Embedded Software: #ifndef #define my_way

So, I’m deep in embedded software, or as people in the know call it, firmware.  A lot of what I’m dealing with is rookie nonsense.  Now, I’m probably more of a journeyman coder at this point, but good high quality code doesn’t just spring from good intention and effort.  There are a great many rules and tricks of the trade that can only really be learned from someone else.  I, being self-taught, have learned much of what I now know by blindly stumbling through the wilderness until through sheer effort, I find the way out of the woods of impenetrable error messages.  I’m going to be sharing over the course of many posts, some of the rules and best practices that I discover along my journey. Hopefully, they’ll shorten the duration of your meanderings.  Follow the jump for a discussion of the use of the preprocessor directive, #ifndef.

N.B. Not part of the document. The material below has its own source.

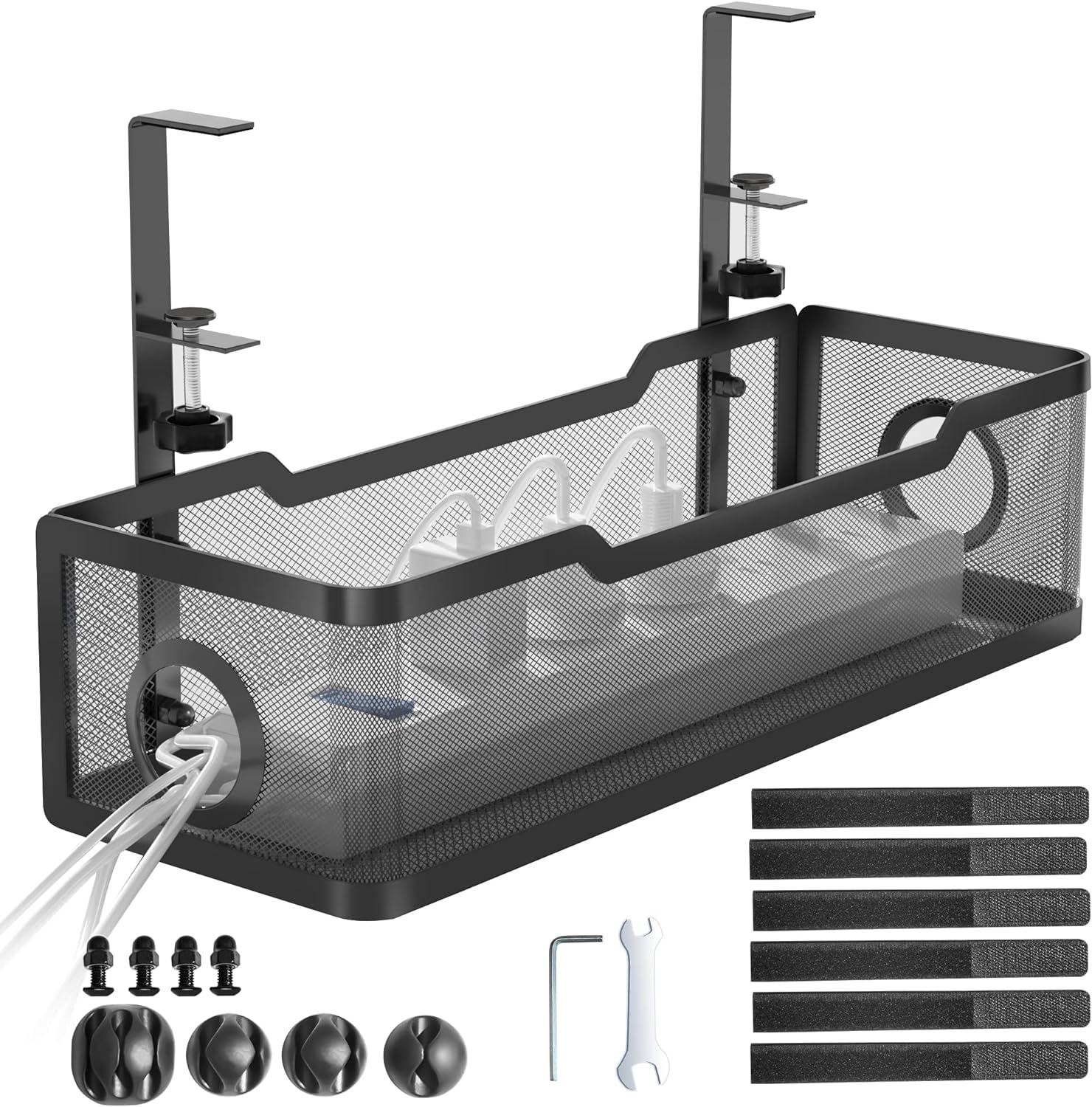 Under Desk Cable Management Tray Black, Cinati Wire Organizers No Drill, Cable Tray with Clamp for Wire Management, Cord Organization Box for Office, Home - No Damage to Desk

One recent frustration has been the use of #ifndef when trying to do the right thing and compartmentalize my code.  By compartmentalize, we mean to put functionally distinct pieces of code into different files, a .c file, containing functions, and a .h file, containing declarations and function prototypes.  The tricky part to me came when trying to tie it all together.  You have the .c file and you’ve written your whiz-bang function and you have the .h file which very neatly and ever so wonderfully comments all of it, but what’s the best way to bring them together.  Let’s say you have a .c file called cleverly enough file.c and a header file called file.h.  The natural thing to do is to put a preprocessor directive (a message for the compiler) saying at the top of file.c saying simply enough:

#include file.h

Now, this would be enough to bind the two files together, if it weren’t for some sticky wickets.   The stickiest of wickets comes when you need to use the functions contained in file.h in multiple places.  In my program, I have a file called spi.c and another called spi.h.  These files contain functions and declarations needed to be able to use, oddly enough, the spi peripheral on the avr microcontroller.  Naturally, spi.c contains a declaration:

#include spi.h

There are multiple functional areas of code which need to use the spi peripheral and therefore the spi functions.  For instance, the filter module control the filter by sending spi messages.  I have a module name filter.c and since it needs to use spi function, it too contains a declaration:

#include spi.h

Herein lies the problem.  Both spi.c and filter.c are source files for my project.  If all I have are these two declarations in two source files without some special magic, I can get some goofy confounding error messages telling you things like “such and such variable has multiple definitions.”  What’s the remedy?  A little bit of #ifndef.  Where do you use it?  In your header file.

After comments at the top of the file describing its contents, you should have what is called a multiple inclusion guard using #ifndef.  Back to file.h, all the definitions, function prototypes, and potentially global variable declarations, need to be in between some #ifndef and #endif.  What it look like?

#ifndef _FILE_H_

#define _FILE_H_

(All your stuff)

#endif /*_FILE_H_*/

It doesn’t matter particularly what follow the #ifndef for the file, but the #ifndef and the #define must match.  Having this “if not defined” statement protects you from dreadful multiple inclusion, where multiple files include your header file and cause all sorts of grief and truly strange error messages.  You should always use this structure.  Do it.